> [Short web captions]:
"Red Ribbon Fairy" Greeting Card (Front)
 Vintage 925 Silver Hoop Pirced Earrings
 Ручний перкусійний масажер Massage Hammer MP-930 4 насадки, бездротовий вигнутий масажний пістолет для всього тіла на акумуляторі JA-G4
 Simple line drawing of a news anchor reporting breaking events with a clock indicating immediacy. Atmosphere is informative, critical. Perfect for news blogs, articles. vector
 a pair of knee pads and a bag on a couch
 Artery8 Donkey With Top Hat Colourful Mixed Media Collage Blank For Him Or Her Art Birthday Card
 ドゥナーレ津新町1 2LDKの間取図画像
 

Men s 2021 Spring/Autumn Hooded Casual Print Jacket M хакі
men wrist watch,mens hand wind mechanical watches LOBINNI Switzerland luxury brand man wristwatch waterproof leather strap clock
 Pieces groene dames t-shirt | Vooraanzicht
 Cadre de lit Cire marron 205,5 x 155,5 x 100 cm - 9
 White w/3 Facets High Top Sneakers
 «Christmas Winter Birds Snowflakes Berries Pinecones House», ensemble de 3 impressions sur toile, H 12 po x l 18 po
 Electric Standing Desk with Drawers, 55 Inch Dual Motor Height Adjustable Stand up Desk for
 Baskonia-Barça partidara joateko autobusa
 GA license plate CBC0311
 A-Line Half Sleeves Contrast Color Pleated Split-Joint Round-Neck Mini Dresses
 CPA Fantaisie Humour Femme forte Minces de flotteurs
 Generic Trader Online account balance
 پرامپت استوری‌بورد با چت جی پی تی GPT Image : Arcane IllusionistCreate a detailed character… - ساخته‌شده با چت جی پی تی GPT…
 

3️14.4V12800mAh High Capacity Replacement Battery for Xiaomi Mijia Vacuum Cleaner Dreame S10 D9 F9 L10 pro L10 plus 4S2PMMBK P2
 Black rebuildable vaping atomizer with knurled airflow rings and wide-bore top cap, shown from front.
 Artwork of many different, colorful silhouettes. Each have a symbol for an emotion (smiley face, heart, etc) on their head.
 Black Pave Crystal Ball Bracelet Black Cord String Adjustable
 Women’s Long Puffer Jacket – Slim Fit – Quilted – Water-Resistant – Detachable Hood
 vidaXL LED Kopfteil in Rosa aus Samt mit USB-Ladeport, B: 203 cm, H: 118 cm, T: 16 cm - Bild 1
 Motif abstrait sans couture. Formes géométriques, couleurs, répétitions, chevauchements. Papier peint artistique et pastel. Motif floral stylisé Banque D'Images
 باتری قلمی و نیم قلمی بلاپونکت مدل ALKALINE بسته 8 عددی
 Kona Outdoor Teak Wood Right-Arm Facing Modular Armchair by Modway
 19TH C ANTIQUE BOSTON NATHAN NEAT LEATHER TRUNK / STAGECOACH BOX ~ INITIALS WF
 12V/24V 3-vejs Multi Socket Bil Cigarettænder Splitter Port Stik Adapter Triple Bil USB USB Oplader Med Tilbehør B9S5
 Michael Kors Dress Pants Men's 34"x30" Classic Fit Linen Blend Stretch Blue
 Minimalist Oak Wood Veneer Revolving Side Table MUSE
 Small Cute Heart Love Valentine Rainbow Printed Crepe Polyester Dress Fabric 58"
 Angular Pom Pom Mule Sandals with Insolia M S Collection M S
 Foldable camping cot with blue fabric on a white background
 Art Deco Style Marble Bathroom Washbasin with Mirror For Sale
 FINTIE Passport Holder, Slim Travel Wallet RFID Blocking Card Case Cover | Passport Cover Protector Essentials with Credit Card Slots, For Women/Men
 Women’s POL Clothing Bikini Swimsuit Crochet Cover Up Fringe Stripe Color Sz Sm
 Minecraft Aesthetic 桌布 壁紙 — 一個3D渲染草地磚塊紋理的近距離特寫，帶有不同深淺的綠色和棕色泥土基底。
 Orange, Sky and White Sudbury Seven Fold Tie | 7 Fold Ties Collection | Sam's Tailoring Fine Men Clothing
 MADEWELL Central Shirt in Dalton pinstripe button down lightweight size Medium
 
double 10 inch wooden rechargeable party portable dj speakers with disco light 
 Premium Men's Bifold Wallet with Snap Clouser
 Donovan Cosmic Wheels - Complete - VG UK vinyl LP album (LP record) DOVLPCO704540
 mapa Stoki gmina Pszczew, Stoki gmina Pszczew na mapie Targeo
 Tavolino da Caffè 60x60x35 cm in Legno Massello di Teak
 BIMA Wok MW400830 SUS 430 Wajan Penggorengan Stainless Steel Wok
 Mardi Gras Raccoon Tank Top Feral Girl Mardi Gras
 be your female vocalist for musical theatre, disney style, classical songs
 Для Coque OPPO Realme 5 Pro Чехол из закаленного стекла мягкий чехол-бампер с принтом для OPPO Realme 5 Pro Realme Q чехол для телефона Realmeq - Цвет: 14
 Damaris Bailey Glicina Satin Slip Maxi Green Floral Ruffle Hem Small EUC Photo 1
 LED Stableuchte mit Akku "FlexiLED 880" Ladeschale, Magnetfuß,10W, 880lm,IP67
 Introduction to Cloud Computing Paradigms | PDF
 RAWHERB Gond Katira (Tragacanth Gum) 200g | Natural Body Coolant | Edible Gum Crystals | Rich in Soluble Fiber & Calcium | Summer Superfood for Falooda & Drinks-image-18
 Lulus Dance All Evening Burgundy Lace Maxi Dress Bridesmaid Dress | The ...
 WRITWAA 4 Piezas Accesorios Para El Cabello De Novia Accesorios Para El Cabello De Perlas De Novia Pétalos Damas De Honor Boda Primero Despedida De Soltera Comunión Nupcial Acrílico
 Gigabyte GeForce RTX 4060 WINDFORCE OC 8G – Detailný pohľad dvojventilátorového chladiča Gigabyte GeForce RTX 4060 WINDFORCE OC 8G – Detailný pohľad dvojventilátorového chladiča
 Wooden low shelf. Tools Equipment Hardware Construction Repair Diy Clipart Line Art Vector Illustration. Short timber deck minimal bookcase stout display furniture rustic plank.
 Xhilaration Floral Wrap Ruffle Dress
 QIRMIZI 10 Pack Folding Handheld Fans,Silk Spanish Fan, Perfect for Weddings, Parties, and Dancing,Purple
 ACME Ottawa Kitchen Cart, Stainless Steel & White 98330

> [Assignment]: Return, word for word, the lines of the data above from the line with "پرامپت استوری‌بورد با" through the line with "MADEWELL Central Shirt", inclusive.

> [Expected answer]:
 پرامپت استوری‌بورد با چت جی پی تی GPT Image : Arcane IllusionistCreate a detailed character… - ساخته‌شده با چت جی پی تی GPT…
 

3️14.4V12800mAh High Capacity Replacement Battery for Xiaomi Mijia Vacuum Cleaner Dreame S10 D9 F9 L10 pro L10 plus 4S2PMMBK P2
 Black rebuildable vaping atomizer with knurled airflow rings and wide-bore top cap, shown from front.
 Artwork of many different, colorful silhouettes. Each have a symbol for an emotion (smiley face, heart, etc) on their head.
 Black Pave Crystal Ball Bracelet Black Cord String Adjustable
 Women’s Long Puffer Jacket – Slim Fit – Quilted – Water-Resistant – Detachable Hood
 vidaXL LED Kopfteil in Rosa aus Samt mit USB-Ladeport, B: 203 cm, H: 118 cm, T: 16 cm - Bild 1
 Motif abstrait sans couture. Formes géométriques, couleurs, répétitions, chevauchements. Papier peint artistique et pastel. Motif floral stylisé Banque D'Images
 باتری قلمی و نیم قلمی بلاپونکت مدل ALKALINE بسته 8 عددی
 Kona Outdoor Teak Wood Right-Arm Facing Modular Armchair by Modway
 19TH C ANTIQUE BOSTON NATHAN NEAT LEATHER TRUNK / STAGECOACH BOX ~ INITIALS WF
 12V/24V 3-vejs Multi Socket Bil Cigarettænder Splitter Port Stik Adapter Triple Bil USB USB Oplader Med Tilbehør B9S5
 Michael Kors Dress Pants Men's 34"x30" Classic Fit Linen Blend Stretch Blue
 Minimalist Oak Wood Veneer Revolving Side Table MUSE
 Small Cute Heart Love Valentine Rainbow Printed Crepe Polyester Dress Fabric 58"
 Angular Pom Pom Mule Sandals with Insolia M S Collection M S
 Foldable camping cot with blue fabric on a white background
 Art Deco Style Marble Bathroom Washbasin with Mirror For Sale
 FINTIE Passport Holder, Slim Travel Wallet RFID Blocking Card Case Cover | Passport Cover Protector Essentials with Credit Card Slots, For Women/Men
 Women’s POL Clothing Bikini Swimsuit Crochet Cover Up Fringe Stripe Color Sz Sm
 Minecraft Aesthetic 桌布 壁紙 — 一個3D渲染草地磚塊紋理的近距離特寫，帶有不同深淺的綠色和棕色泥土基底。
 Orange, Sky and White Sudbury Seven Fold Tie | 7 Fold Ties Collection | Sam's Tailoring Fine Men Clothing
 MADEWELL Central Shirt in Dalton pinstripe button down lightweight size Medium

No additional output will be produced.